__Task inputs__.
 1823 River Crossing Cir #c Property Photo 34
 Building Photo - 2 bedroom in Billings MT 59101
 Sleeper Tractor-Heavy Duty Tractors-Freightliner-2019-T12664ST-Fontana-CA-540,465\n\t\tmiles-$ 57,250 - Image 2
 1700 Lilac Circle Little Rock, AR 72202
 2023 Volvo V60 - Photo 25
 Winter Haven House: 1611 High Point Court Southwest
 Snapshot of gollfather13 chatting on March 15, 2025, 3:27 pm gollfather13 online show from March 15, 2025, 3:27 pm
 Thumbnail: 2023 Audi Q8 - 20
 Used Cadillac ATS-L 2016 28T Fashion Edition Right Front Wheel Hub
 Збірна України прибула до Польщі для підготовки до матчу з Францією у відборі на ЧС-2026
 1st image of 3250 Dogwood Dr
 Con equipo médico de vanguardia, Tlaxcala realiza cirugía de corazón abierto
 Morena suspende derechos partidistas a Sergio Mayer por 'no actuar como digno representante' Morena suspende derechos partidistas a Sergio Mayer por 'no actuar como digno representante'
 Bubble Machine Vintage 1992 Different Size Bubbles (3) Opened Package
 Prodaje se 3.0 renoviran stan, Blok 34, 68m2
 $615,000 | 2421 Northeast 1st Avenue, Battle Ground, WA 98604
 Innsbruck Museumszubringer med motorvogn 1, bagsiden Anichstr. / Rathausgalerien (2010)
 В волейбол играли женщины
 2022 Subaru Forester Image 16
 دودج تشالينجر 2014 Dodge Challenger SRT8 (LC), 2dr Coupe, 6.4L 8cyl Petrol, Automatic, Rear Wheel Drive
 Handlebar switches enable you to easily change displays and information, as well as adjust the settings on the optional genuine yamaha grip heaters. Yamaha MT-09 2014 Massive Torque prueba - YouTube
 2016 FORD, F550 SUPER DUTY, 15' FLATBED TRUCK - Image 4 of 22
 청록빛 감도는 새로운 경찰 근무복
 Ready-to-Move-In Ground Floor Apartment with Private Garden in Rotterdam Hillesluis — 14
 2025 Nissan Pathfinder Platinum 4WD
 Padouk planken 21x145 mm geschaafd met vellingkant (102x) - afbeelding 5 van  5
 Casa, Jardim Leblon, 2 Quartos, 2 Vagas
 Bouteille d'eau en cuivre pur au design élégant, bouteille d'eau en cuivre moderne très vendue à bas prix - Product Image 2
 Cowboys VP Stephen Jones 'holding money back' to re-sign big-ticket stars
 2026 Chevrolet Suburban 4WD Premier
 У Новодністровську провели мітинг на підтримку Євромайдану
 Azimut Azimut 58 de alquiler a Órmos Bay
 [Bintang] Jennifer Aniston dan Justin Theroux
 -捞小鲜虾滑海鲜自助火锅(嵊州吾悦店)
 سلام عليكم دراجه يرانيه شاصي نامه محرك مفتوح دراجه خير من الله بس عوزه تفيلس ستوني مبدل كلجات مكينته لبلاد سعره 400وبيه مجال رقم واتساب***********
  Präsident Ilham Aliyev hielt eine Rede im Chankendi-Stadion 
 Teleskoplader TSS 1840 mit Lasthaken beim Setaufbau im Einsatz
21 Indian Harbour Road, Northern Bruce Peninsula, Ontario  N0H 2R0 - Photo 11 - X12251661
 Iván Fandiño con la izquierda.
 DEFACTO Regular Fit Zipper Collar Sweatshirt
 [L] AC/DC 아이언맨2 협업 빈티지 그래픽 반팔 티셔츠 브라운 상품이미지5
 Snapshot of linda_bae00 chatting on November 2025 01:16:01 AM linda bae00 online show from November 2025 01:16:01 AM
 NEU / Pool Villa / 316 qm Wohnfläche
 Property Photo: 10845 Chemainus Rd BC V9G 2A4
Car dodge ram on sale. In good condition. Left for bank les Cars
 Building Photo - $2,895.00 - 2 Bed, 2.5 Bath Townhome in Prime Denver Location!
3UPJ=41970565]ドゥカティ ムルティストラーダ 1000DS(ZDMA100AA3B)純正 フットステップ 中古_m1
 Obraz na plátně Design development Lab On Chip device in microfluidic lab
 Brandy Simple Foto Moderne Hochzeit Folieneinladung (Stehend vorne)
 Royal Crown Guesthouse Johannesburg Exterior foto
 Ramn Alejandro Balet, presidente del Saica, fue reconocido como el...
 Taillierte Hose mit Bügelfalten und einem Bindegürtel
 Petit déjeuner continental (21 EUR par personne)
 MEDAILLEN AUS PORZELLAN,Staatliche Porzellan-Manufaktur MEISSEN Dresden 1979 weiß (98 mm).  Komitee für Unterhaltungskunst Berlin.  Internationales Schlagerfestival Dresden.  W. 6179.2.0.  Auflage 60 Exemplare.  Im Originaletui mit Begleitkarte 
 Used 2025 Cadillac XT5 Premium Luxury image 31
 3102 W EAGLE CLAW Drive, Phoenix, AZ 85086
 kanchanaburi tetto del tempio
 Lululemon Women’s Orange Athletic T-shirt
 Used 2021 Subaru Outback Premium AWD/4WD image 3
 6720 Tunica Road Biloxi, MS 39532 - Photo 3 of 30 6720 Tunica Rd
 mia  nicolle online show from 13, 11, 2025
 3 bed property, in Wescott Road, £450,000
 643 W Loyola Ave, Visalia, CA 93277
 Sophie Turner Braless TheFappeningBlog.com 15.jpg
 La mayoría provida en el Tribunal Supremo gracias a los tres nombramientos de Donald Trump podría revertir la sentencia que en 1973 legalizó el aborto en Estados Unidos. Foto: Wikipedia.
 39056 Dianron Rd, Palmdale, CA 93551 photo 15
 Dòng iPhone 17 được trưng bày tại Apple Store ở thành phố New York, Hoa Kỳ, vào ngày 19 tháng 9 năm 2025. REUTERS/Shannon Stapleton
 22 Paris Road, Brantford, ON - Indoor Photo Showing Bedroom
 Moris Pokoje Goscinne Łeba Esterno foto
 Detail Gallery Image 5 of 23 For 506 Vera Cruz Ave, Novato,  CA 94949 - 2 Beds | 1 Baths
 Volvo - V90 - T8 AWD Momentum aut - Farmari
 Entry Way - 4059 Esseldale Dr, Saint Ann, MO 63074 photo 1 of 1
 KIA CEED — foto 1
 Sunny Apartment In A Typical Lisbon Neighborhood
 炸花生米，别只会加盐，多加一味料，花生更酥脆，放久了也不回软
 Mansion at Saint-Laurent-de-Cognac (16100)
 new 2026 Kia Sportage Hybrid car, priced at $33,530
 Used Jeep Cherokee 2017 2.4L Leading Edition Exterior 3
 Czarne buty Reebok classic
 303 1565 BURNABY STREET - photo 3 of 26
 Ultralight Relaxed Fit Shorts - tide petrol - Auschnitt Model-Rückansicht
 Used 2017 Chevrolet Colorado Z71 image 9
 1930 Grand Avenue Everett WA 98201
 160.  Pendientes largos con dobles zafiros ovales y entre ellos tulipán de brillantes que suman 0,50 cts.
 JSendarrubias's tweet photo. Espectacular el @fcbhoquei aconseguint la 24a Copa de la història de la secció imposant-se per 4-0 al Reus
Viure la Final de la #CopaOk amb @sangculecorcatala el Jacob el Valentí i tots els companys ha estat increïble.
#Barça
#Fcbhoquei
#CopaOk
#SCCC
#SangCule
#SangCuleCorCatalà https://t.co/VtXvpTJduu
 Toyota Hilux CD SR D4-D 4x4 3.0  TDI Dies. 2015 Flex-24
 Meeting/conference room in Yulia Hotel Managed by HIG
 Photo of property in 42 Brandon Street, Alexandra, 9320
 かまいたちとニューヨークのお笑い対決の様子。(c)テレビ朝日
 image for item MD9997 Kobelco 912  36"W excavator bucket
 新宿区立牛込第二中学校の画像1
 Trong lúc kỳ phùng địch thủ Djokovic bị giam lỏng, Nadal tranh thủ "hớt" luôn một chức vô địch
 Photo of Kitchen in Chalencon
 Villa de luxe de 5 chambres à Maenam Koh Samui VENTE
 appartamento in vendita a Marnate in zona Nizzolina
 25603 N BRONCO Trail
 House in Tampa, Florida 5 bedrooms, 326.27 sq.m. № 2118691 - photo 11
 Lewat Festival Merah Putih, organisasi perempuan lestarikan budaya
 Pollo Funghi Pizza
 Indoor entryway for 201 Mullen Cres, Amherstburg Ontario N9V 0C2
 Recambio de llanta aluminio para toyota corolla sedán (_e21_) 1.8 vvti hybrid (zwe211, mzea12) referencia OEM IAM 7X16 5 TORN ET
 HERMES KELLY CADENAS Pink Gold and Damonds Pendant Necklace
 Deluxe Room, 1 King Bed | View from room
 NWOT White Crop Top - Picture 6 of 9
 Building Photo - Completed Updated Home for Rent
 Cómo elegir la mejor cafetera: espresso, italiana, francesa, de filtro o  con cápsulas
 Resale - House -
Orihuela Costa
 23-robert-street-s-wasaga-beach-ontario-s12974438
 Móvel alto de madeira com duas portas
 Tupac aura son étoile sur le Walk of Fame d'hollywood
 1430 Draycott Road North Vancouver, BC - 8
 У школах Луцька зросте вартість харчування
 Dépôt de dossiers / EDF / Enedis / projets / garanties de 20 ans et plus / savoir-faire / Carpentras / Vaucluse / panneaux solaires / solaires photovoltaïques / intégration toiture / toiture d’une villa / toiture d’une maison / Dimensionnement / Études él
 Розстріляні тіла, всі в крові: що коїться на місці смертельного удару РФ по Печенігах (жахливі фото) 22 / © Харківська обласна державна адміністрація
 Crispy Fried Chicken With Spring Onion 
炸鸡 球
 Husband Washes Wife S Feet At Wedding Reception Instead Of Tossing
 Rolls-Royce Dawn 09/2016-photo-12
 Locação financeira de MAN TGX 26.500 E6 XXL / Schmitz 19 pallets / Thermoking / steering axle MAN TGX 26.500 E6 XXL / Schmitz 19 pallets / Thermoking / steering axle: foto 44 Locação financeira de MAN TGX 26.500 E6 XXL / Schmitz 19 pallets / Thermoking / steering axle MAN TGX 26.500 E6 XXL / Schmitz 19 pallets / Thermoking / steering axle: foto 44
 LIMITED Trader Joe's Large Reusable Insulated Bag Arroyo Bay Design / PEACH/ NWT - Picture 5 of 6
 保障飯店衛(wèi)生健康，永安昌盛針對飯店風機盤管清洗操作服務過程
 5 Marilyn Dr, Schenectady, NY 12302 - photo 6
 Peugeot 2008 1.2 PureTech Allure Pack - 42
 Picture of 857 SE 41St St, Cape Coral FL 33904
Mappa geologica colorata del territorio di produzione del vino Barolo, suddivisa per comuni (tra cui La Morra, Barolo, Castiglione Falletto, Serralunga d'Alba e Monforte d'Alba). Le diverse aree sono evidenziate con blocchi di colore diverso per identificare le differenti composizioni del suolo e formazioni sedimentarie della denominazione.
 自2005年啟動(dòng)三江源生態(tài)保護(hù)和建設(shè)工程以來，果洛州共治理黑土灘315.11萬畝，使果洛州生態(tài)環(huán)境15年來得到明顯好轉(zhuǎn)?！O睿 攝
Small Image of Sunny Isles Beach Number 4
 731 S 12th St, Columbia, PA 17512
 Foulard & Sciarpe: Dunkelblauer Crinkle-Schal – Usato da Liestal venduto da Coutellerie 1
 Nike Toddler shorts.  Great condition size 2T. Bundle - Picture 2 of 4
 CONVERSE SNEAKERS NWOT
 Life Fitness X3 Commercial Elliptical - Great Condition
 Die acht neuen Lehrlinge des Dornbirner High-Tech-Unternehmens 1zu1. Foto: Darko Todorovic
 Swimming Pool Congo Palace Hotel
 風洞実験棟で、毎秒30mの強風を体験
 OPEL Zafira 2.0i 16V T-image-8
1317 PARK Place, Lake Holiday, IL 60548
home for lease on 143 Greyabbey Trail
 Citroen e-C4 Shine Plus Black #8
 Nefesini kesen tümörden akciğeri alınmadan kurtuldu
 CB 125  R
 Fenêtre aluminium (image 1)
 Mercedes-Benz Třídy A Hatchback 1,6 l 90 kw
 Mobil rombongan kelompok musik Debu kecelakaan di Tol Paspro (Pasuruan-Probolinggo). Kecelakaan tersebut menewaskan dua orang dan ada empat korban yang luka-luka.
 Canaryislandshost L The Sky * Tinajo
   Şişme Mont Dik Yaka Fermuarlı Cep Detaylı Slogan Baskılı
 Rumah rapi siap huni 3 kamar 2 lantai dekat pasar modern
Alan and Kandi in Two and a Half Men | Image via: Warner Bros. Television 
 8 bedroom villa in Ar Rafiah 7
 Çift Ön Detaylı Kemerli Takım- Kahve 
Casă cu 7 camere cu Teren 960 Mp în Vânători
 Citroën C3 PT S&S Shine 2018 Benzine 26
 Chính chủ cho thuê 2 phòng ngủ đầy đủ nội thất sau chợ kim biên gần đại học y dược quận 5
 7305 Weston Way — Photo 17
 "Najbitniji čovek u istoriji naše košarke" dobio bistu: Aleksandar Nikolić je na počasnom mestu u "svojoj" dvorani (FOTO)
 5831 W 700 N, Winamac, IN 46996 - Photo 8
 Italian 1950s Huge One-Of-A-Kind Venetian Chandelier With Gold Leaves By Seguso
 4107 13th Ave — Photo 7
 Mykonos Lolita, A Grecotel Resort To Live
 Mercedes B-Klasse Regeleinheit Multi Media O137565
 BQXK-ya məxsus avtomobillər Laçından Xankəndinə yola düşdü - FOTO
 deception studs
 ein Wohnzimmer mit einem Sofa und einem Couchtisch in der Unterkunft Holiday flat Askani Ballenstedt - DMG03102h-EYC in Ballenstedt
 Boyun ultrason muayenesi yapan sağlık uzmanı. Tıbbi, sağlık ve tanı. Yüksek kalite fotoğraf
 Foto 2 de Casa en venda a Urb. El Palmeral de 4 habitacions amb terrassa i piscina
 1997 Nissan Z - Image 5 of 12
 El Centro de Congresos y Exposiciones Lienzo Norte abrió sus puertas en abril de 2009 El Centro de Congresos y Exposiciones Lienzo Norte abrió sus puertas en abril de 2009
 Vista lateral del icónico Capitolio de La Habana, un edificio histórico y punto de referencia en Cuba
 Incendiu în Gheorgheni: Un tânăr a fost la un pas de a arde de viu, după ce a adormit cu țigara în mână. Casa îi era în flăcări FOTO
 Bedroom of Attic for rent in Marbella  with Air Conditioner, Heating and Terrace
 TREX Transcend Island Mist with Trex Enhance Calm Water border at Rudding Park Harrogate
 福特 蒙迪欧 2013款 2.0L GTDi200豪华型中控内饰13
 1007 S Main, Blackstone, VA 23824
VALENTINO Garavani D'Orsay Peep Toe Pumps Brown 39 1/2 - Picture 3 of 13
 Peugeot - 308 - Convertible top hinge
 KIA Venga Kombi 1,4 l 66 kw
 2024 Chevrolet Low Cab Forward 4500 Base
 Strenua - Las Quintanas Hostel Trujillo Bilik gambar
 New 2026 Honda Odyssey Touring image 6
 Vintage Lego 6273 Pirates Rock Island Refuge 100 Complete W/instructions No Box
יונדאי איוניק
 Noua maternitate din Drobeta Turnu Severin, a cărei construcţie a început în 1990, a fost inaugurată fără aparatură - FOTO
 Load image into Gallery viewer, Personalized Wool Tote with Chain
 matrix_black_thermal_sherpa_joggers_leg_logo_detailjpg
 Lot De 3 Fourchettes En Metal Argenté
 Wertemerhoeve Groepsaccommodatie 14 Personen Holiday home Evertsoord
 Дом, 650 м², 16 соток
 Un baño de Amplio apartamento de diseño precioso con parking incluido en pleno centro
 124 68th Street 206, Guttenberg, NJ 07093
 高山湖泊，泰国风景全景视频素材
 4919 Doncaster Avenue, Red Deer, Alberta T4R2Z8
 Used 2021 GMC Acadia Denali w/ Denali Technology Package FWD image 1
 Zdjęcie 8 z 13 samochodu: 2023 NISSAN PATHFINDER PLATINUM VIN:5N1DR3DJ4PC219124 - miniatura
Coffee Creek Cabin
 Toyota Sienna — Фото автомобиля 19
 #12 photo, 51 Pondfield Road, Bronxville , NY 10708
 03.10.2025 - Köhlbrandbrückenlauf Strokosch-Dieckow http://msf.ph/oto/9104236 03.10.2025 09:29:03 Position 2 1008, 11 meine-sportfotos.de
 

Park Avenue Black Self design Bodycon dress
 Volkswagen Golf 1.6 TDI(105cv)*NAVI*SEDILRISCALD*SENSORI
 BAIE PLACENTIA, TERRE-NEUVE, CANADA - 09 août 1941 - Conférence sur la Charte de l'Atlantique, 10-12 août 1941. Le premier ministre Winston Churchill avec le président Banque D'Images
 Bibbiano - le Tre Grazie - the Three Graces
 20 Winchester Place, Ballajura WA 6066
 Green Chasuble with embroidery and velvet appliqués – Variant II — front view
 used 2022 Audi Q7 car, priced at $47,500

__What you will do__.
Please reproduce, exactly as written, the lines of the records from the first line through the one containing "У Новодністровську провели".

__Reply__.
 1823 River Crossing Cir #c Property Photo 34
 Building Photo - 2 bedroom in Billings MT 59101
 Sleeper Tractor-Heavy Duty Tractors-Freightliner-2019-T12664ST-Fontana-CA-540,465\n\t\tmiles-$ 57,250 - Image 2
 1700 Lilac Circle Little Rock, AR 72202
 2023 Volvo V60 - Photo 25
 Winter Haven House: 1611 High Point Court Southwest
 Snapshot of gollfather13 chatting on March 15, 2025, 3:27 pm gollfather13 online show from March 15, 2025, 3:27 pm
 Thumbnail: 2023 Audi Q8 - 20
 Used Cadillac ATS-L 2016 28T Fashion Edition Right Front Wheel Hub
 Збірна України прибула до Польщі для підготовки до матчу з Францією у відборі на ЧС-2026
 1st image of 3250 Dogwood Dr
 Con equipo médico de vanguardia, Tlaxcala realiza cirugía de corazón abierto
 Morena suspende derechos partidistas a Sergio Mayer por 'no actuar como digno representante' Morena suspende derechos partidistas a Sergio Mayer por 'no actuar como digno representante'
 Bubble Machine Vintage 1992 Different Size Bubbles (3) Opened Package
 Prodaje se 3.0 renoviran stan, Blok 34, 68m2
 $615,000 | 2421 Northeast 1st Avenue, Battle Ground, WA 98604
 Innsbruck Museumszubringer med motorvogn 1, bagsiden Anichstr. / Rathausgalerien (2010)
 В волейбол играли женщины
 2022 Subaru Forester Image 16
 دودج تشالينجر 2014 Dodge Challenger SRT8 (LC), 2dr Coupe, 6.4L 8cyl Petrol, Automatic, Rear Wheel Drive
 Handlebar switches enable you to easily change displays and information, as well as adjust the settings on the optional genuine yamaha grip heaters. Yamaha MT-09 2014 Massive Torque prueba - YouTube
 2016 FORD, F550 SUPER DUTY, 15' FLATBED TRUCK - Image 4 of 22
 청록빛 감도는 새로운 경찰 근무복
 Ready-to-Move-In Ground Floor Apartment with Private Garden in Rotterdam Hillesluis — 14
 2025 Nissan Pathfinder Platinum 4WD
 Padouk planken 21x145 mm geschaafd met vellingkant (102x) - afbeelding 5 van  5
 Casa, Jardim Leblon, 2 Quartos, 2 Vagas
 Bouteille d'eau en cuivre pur au design élégant, bouteille d'eau en cuivre moderne très vendue à bas prix - Product Image 2
 Cowboys VP Stephen Jones 'holding money back' to re-sign big-ticket stars
 2026 Chevrolet Suburban 4WD Premier
 У Новодністровську провели мітинг на підтримку Євромайдану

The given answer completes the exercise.